On Tue, Nov 10, 2020 at 04:57:20PM +0100, Frantisek Zatloukal wrote:
many of you already heard about Fedora Packager Dashboard . In short,
for those who have not, it's a web application and backend aiming to make
the life of Fedora packagers easier. It combines data from multiple sources
(Pagure, Bugzilla, Bodhi, Koschei,...) relevant to the maintainers of
Tracking all these sites can be time consuming, especially if you maintain
dozens of different packages, so the Dashboard provides everything a
packager might need (or at least what we've thought of) - condensed,
cached, searchable and filterable on one page.

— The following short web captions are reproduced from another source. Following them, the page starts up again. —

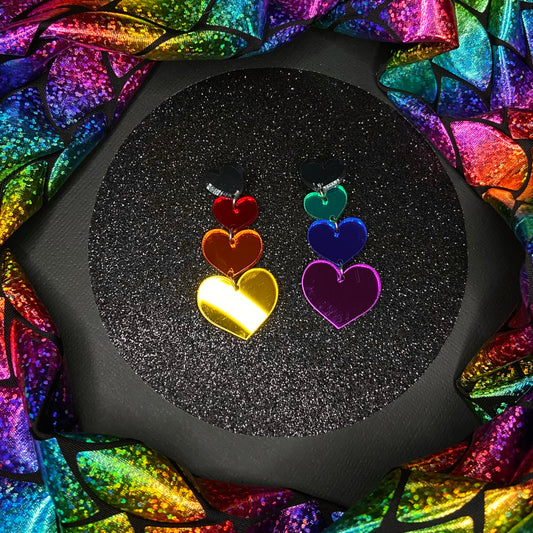 Pride Heart Dangles - Assorted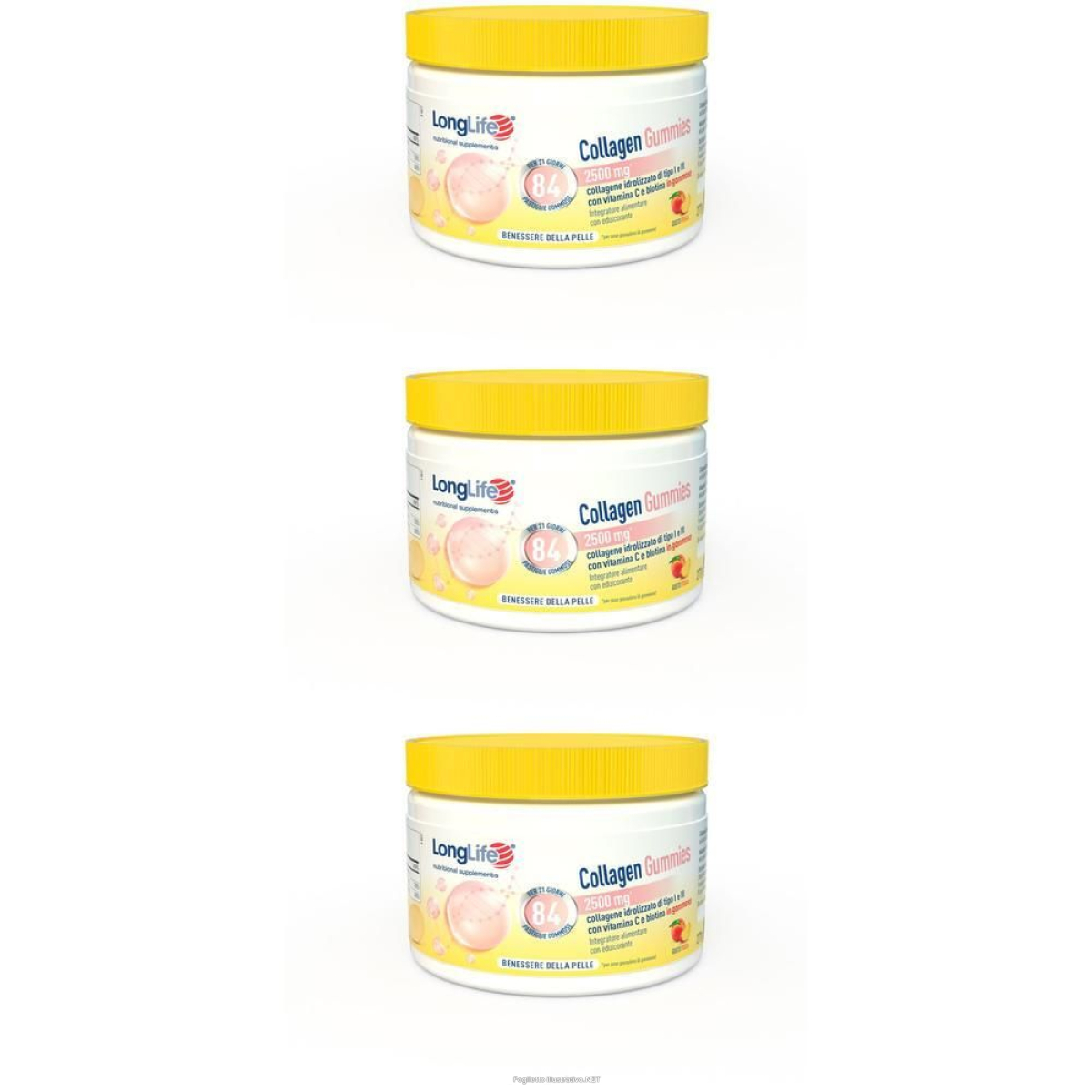 Cerca Offerte di longlife collagen gummies gusto pesca 3x277 g caramelle e acquista online
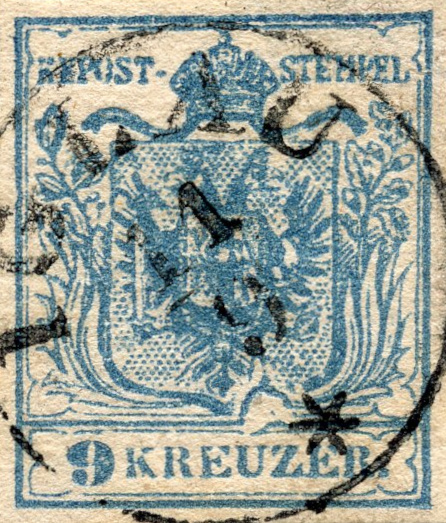 Österreich 1850 - Entstehung der 9 Kreuzer Type I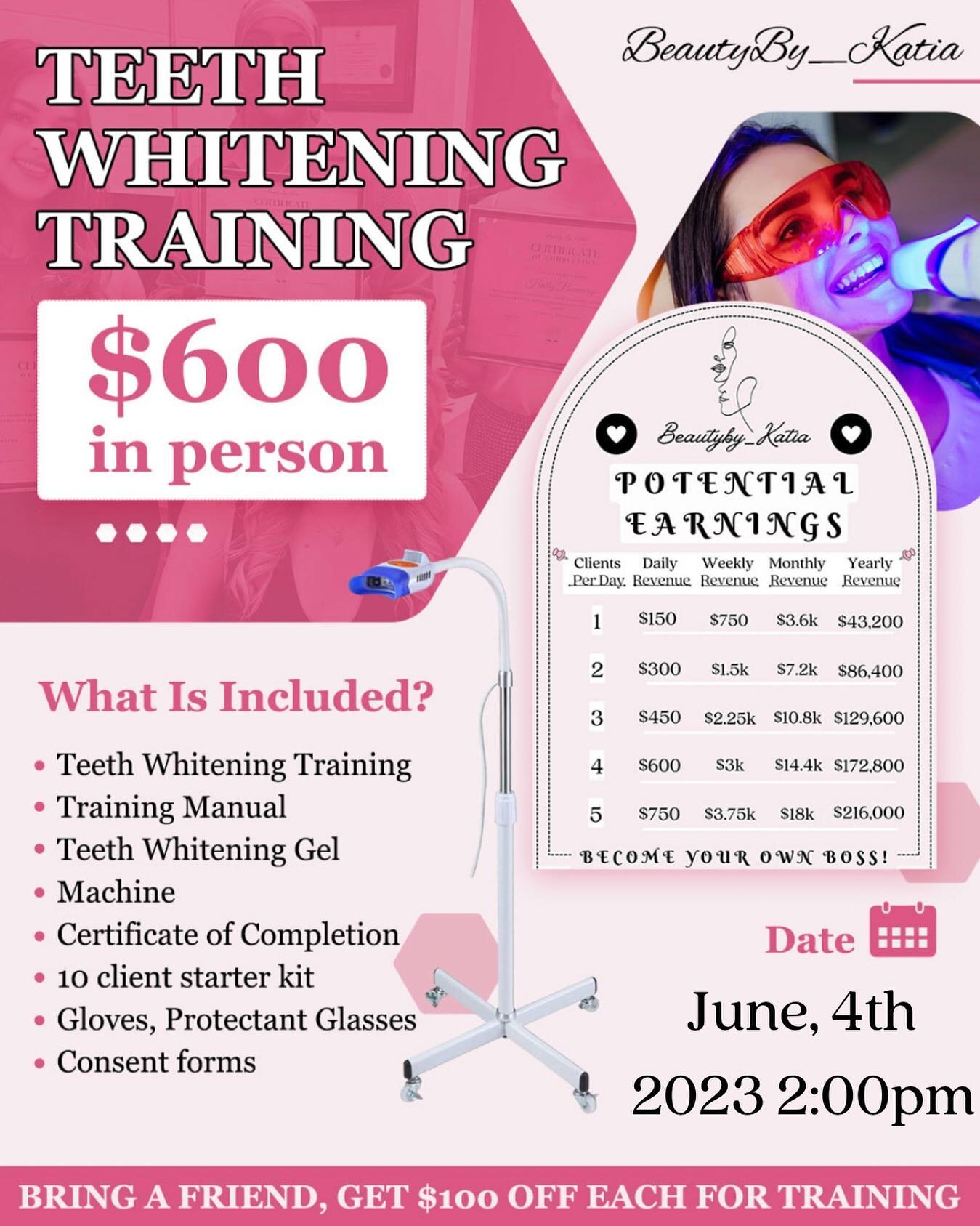 ‼️ ɪ ʜᴀᴠᴇ ᴀɴᴏᴛʜᴇʀ ᴛᴇᴇᴛʜ ᴡʜɪᴛᴇɴɪɴɢ ᴛʀᴀɪɴɪɴɢ ꜱᴇꜱꜱɪᴏɴ ʜᴀᴘᴘᴇɴɪɴɢ ꜱᴏᴏɴ! ʙᴏᴏᴋ ʏᴏᴜʀ ꜱᴘᴏᴛ!‼️

✨Attention fellow dental enthusiasts! 🦷

🔸Are you tired of the daily grind and looking for a way to take control of your career and income? Look no further! I am 
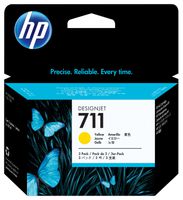 HP 711 gele DesignJet inktcartridges, 29 ml, 3-pack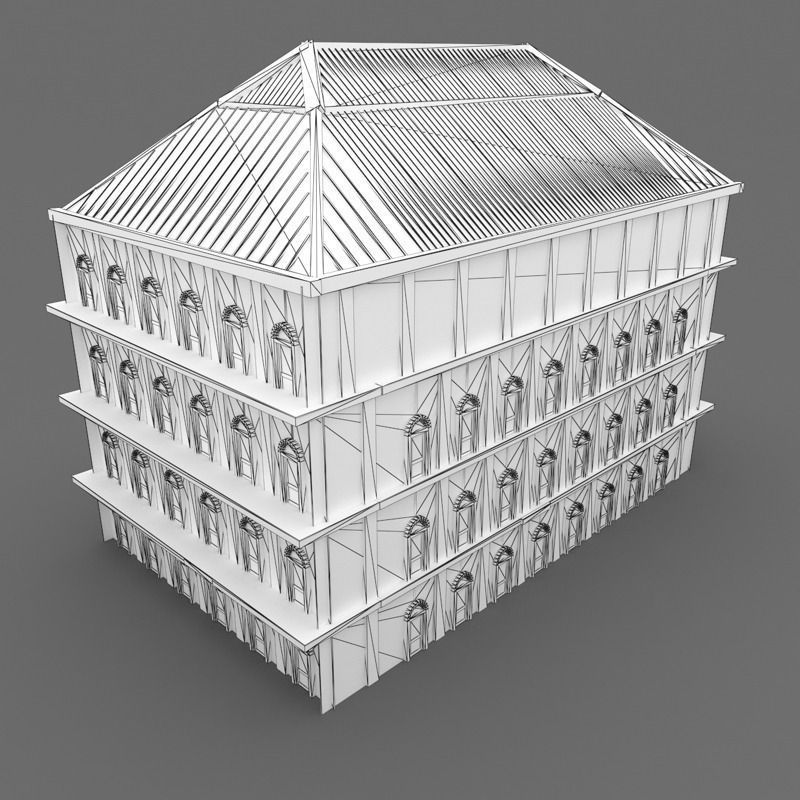 Bradbury Building 3D model_10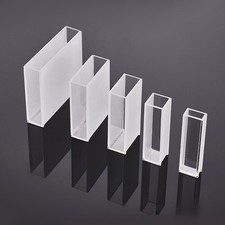 Quartz Cuvette Cuvette Workshop Laboratory 3.5ml Replacement 190-2500nm 2PCS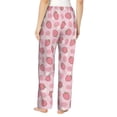 thumbnail image 3 of Uemuo Strawberries Pattern Women's Wide Leg Palazzo Lounge Pants with Pockets Light Weight Loose Comfy Casual Pajama Pants-Large, 3 of 9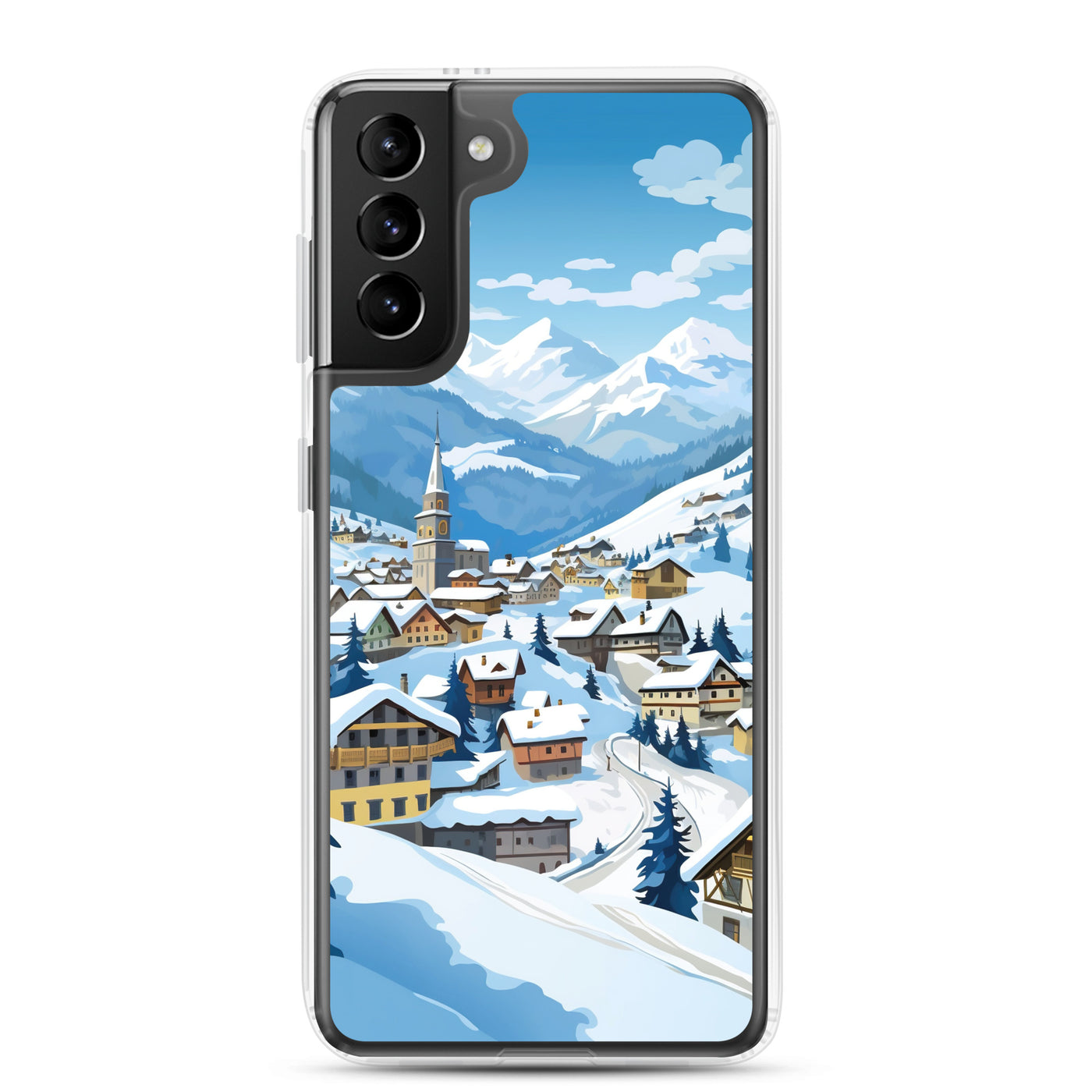 Kitzbühl - Berge und Schnee - Landschaftsmalerei - Samsung Schutzhülle (durchsichtig) ski xxx Samsung Galaxy S21 Plus
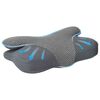 vidaXL Coussin cervical Gris Mousse &agrave; m&eacute;moire de forme 58 x 36 x 13 cm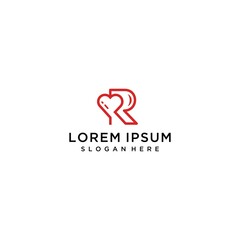 Letter R logo icon design template	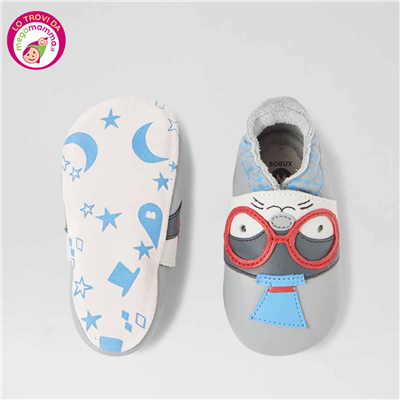 Soft Sole Silly Seal Griffin Grey - Bobux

You can check it out/play with it even if you don't maintain any Fedora
packages, there is no authentication needed, just enter any packager’s
username. Feature-wise, it's pretty robust already, and there are more
things to come (like allowing users to authenticate and see private bugs
and more), but the original planned feature set is complete.
Currently, it's processing only publicly available data. When we'll start
implementing the ability to authenticate and process any private data,
we'll work closely with the Infra team to make sure there are no open holes.
Since the announcement of the testing phase, it has been running on a
temporary server which is barely keeping up, so I'd like to open up a
conversation about migration to the Infra OpenShift cluster.
Here is a brief overview of it's internals (I can elaborate more if anybody
needs me to):
Backend is a Flask/Python application leveraging Celery for planning and
executing the cache refreshes. The API is striving to be as non-blocking as
possible, using asynchronous-inspired behaviour. The client is given the
data currently available in cache, and advised about the completeness
(complete/partial cache misses) via HTTP status code.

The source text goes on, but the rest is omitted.